Mesleğinin hangi alanlarda faaliyet gösterdiğini anlatan Son Hakkak Bedros Usta, “Çelik oymacısıyım. Kalem ve çekiçle çeliği oymak, çeşitli motifler, desenler, portre çalışmaları bunlardan ibaret. Birçok sanayi sektöründe kullanılıyor. Her sektörle çalışıyorum sayılabilir çünkü imalat kısmında kalıp ana unsurdur. Düğmeden tutun, iğnesine, madalyasına kadar yapıyorum. Benden önce 50'li yıllarda darphaneyle çalışıyorduk burada darphanenin kalıpları yapılıyordu sonra kendileri ‘kalıphane' kurdular içerde imal edilmeye başladılar. Bilgisayar ortamıyla ayrıca hakkaklar getirildi yurt dışından yani kendileri yapmaya başladılar. Bütün askeri düğme, arma, apolet hepsi kalıptan çıkmadır. Bütün silahlı kuvvetlerin ve emniyetin düğme, apolet kalıplarını biz yapardık şimdi çoğu kumaşa çevrildi yine de metal olanların kalıplarını ben yapıyorum. Dekoratif eşyalar, tepsi mumluk yaptığımız kalıplardan üretilenler altından tutun, bakırına, alüminyumuna kadar her türlü metal baskıları yapılıyor” dedi.
“Bir el işiyle, makinenin çıkardığı iş aynı değil ruh yok onlarda”
Dünyanın farklı yerlerinde oyma ustası bulunduğuna değinen Muradyan “Fransa'da rast geldim araştırdım, gezdim Paris'te ve buldum. Bir dükkan buldum içeride kullandığı makineler falan bizim iş gibiydi konuştuk, ettik fakat gördüğüm kadarıyla çok zayıftı. Yaptığım işlerden yanımda vardı, gösterdim adam hayranlıkla baktı elle yapmış olduğuma inanamadı. Onlar da yapıyorlar. Avusturya'da var, Viyana'da aradım bulamadım ama orada olduğunu biliyorum. İtalya'dan beni ziyarete geldiler meslektaşımdı o da. Bu bilgisayarlı CNC makineler çıktıktan sonra buna talep azaldı. Fakat aynısı olmuyor tabii imkanı yok. Bir el işiyle bir makinenin çıkardığı iş aynı değil, ruh yok onlarda.
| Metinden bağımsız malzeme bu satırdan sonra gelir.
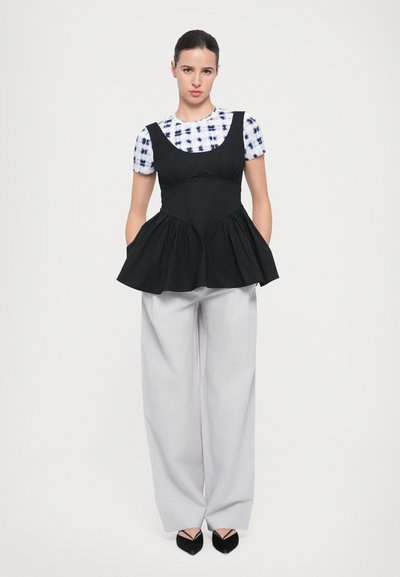 Top peplum negru cu mâneci scurte tie-dye, purtat cu pantaloni largi gri deschis și balerini negri ascuțiți. Design simplu și curat.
Bu işi yapabilmek için bir anne çocuğunu nasıl seviyorsa her türlü şeyine katlanabilen kişidir anne. Aynı şekilde bizim de işimizi o şekilde sevmemiz lazım. Ben bir pazar günü evimde otururum onda bile otururken muhakkak düşünürüm. Kafamda işimdeyim veya evde yapabileceğim bir şey varsa eve götürüp orada devam ediyorum. Haftanın 7 günü devamlı geç saatlere kadar çalışırım. Sanat çok güzel bir şeydir altın bileziktir. Herkesin çeşitli sanat dallarında en azından bir becerisi vardır. Bütün mesele onu ortaya çıkarmaktır. Sanatı olsun, yapmasın. Bilsin ama yapmasın hobi olarak kullansın. Yarın öbür gün ne olacağını bilemeyiz. Bir bilezik dediğim gibi, altın bilezik” ifadelerini kullandı.